DATA SUPPLIED: Begin
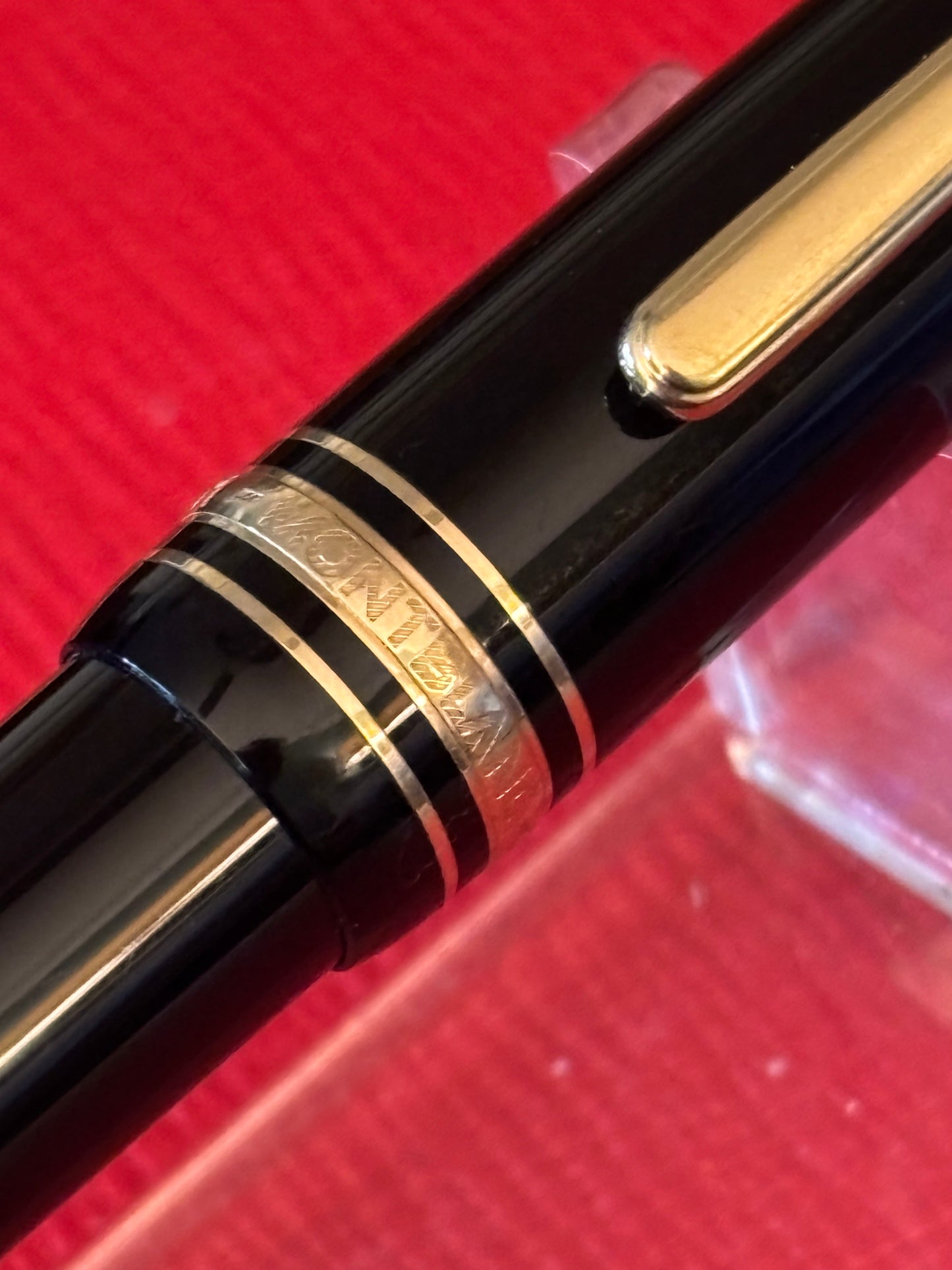 Montblanc Meisterstück No. 161 Classique Ballpoint Pen — Black Resin & Gold Trim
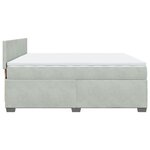 vidaXL Sommier à lattes de lit et matelas Gris clair 200x200cm Velours
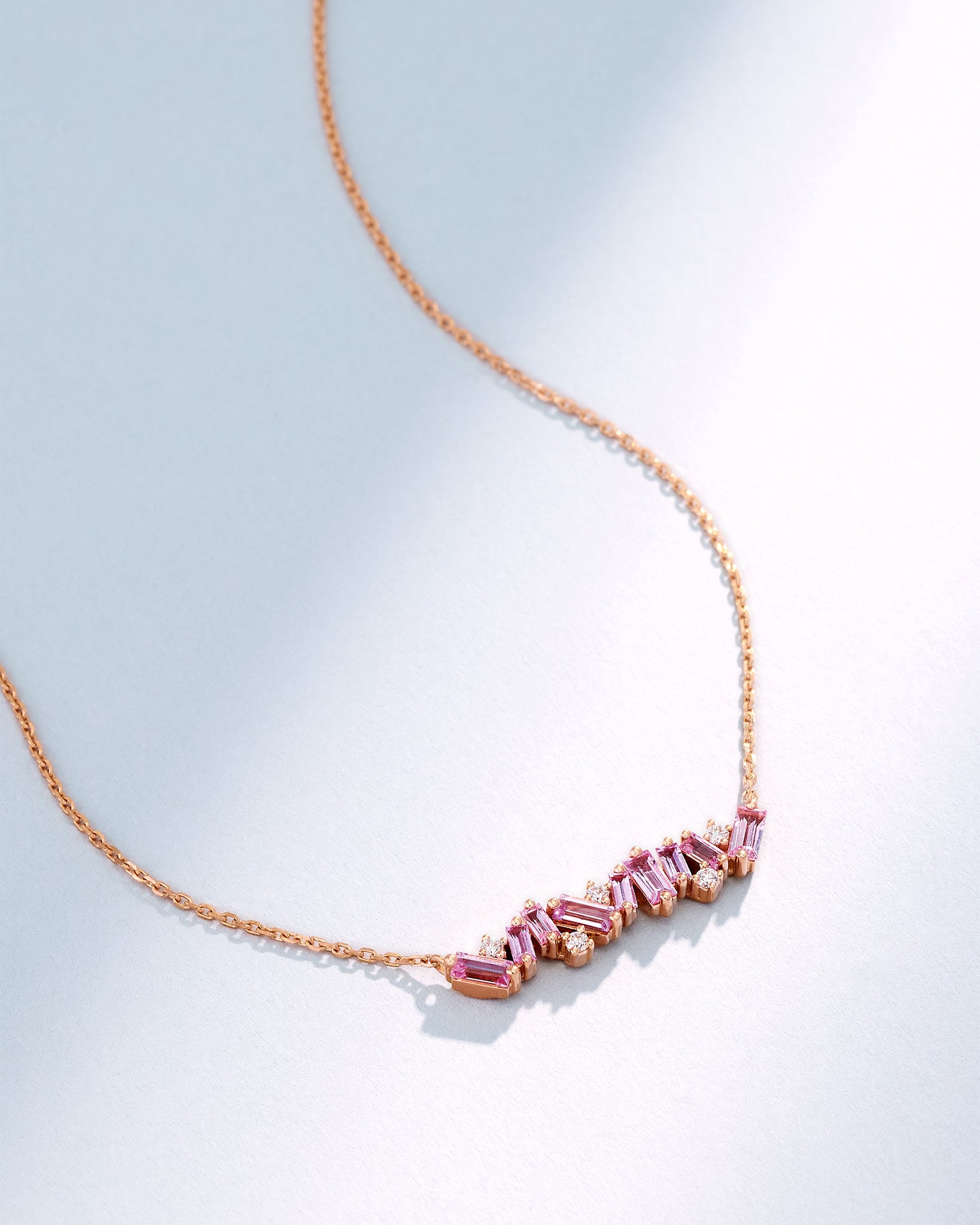 Frenzy Pink Sapphire Bar Pendant SUZANNE KALAN®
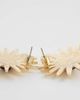 ASOS DESIGN ASOS DESIGN sun earrings with faux tigers eye stones in gold tone-Multi - 4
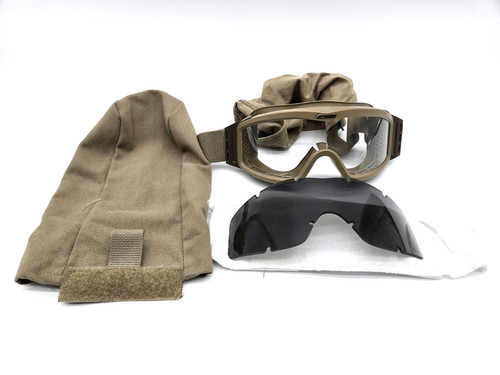 ESS Profile Series Tactical Goggles Kit (Desert Tan) U.S. Military Surplus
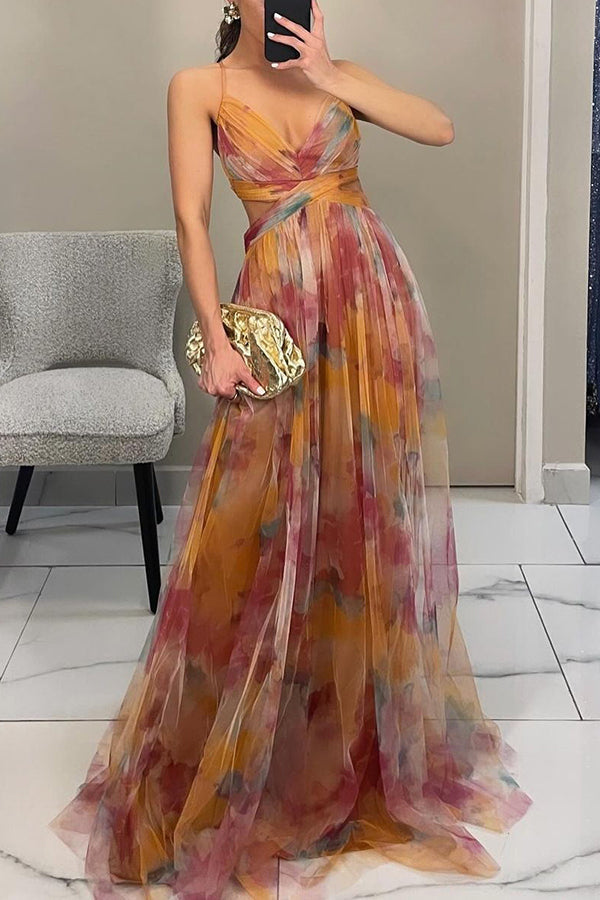 Elanisse | Wunderschönes Blumendesign Maxikleid
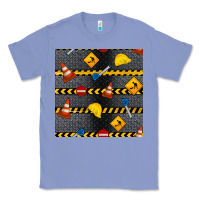 Colony Blue construction signs seamless pattern Classic Tee - BundleAndBundleShop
DATA SUPPLIED: End
▶ _TO DO_
Retype every record above word for word, leaving out any pictures.

▶ _WRITTEN SOLUTION_
 Montblanc Meisterstück No. 161 Classique Ballpoint Pen — Black Resin & Gold Trim
 vidaXL Sommier à lattes de lit et matelas Gris clair 200x200cm Velours
 Frenzy Pink Sapphire Bar Pendant SUZANNE KALAN®
 ASOS DESIGN ASOS DESIGN sun earrings with faux tigers eye stones in gold tone-Multi - 4
 ESS Profile Series Tactical Goggles Kit (Desert Tan) U.S. Military Surplus
 Elanisse | Wunderschönes Blumendesign Maxikleid
 Colony Blue construction signs seamless pattern Classic Tee - BundleAndBundleShop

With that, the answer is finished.